▶ **Prompt**: The pictures get left out, but everything else in the listing below must be duplicated exactly.
[[ Information provided, beginning ]]
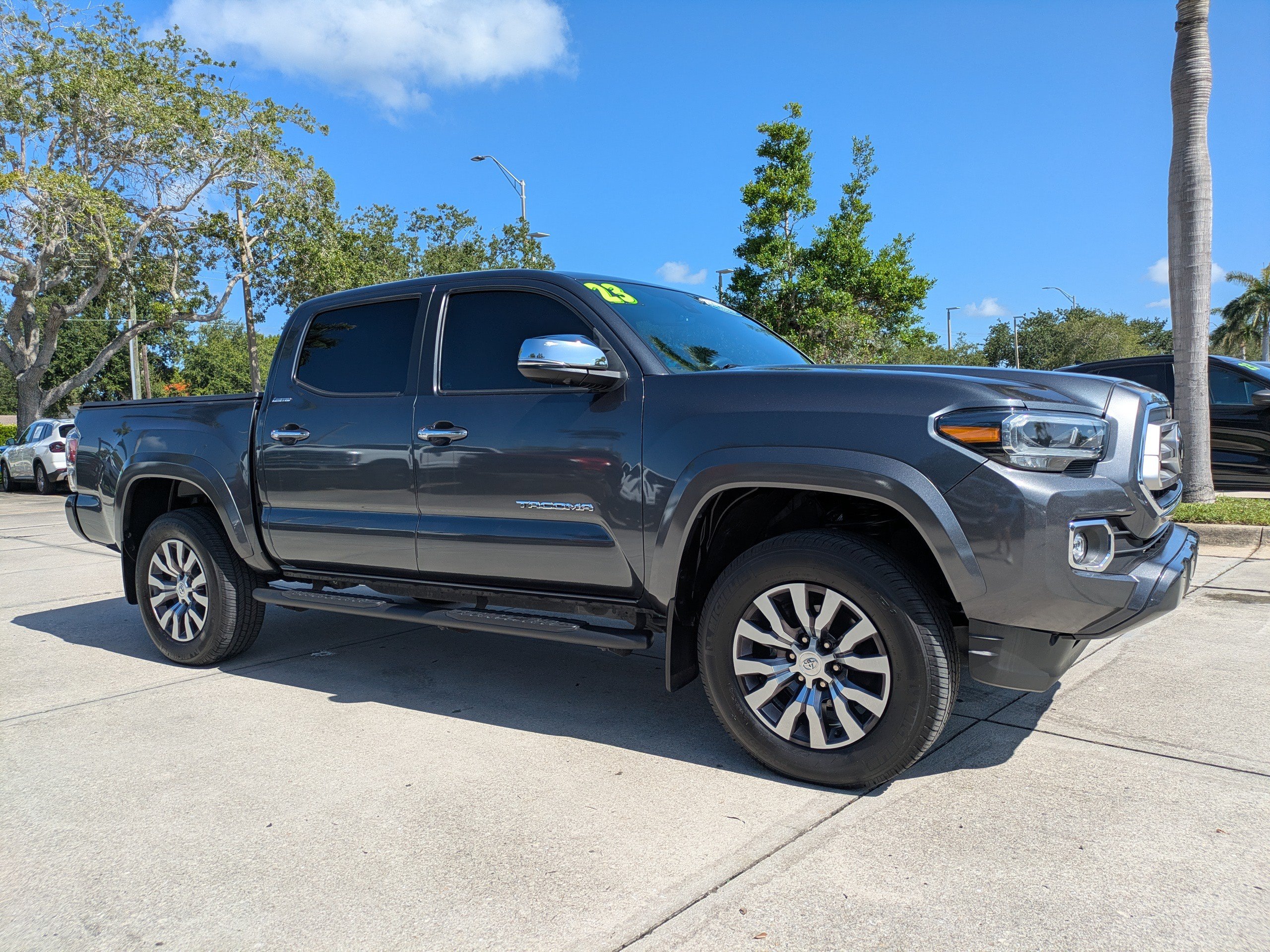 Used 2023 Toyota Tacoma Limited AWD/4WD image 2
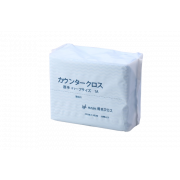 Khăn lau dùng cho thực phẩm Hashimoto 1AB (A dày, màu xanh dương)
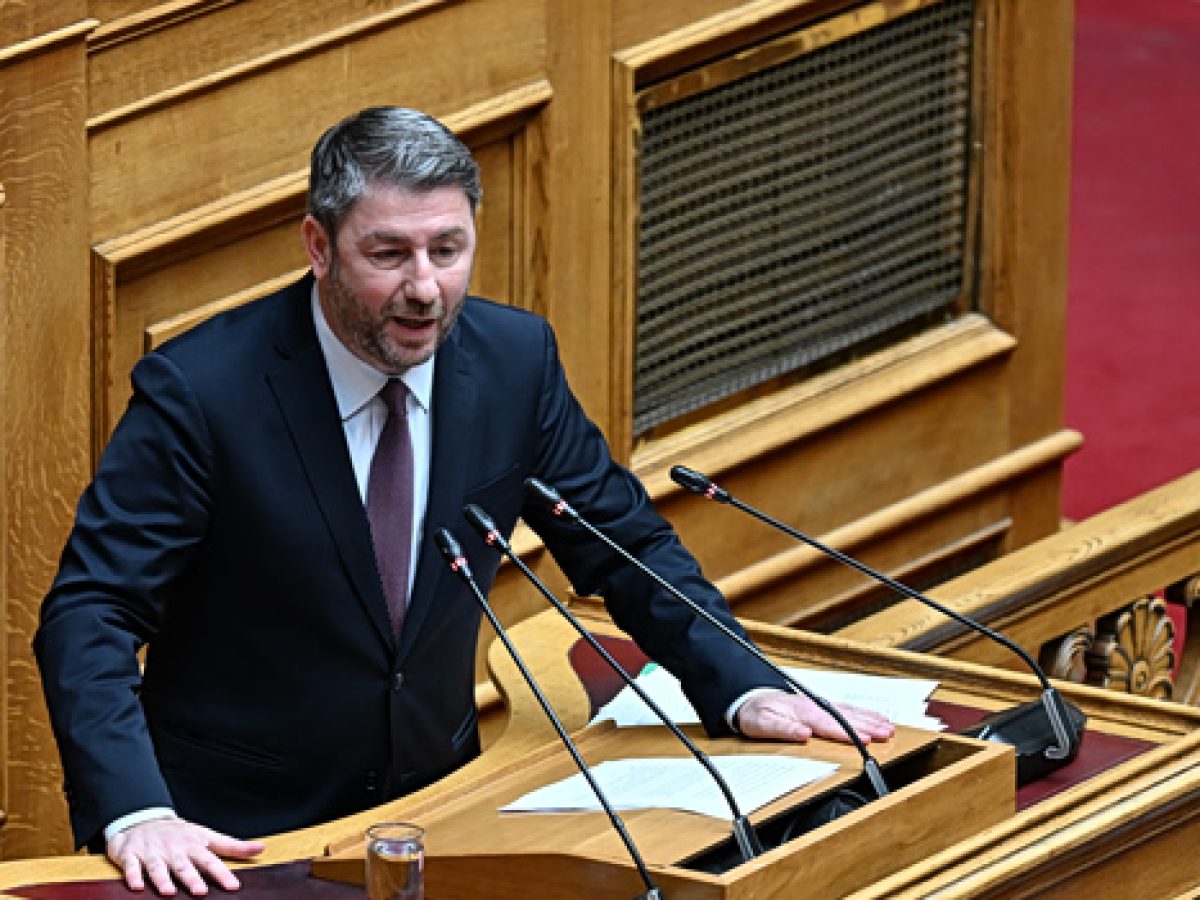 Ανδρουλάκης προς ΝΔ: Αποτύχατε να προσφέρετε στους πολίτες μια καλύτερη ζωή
[[ Information provided, end ]]
▶ **Expected answer**:
 Used 2023 Toyota Tacoma Limited AWD/4WD image 2
 Khăn lau dùng cho thực phẩm Hashimoto 1AB (A dày, màu xanh dương)
 Ανδρουλάκης προς ΝΔ: Αποτύχατε να προσφέρετε στους πολίτες μια καλύτερη ζωή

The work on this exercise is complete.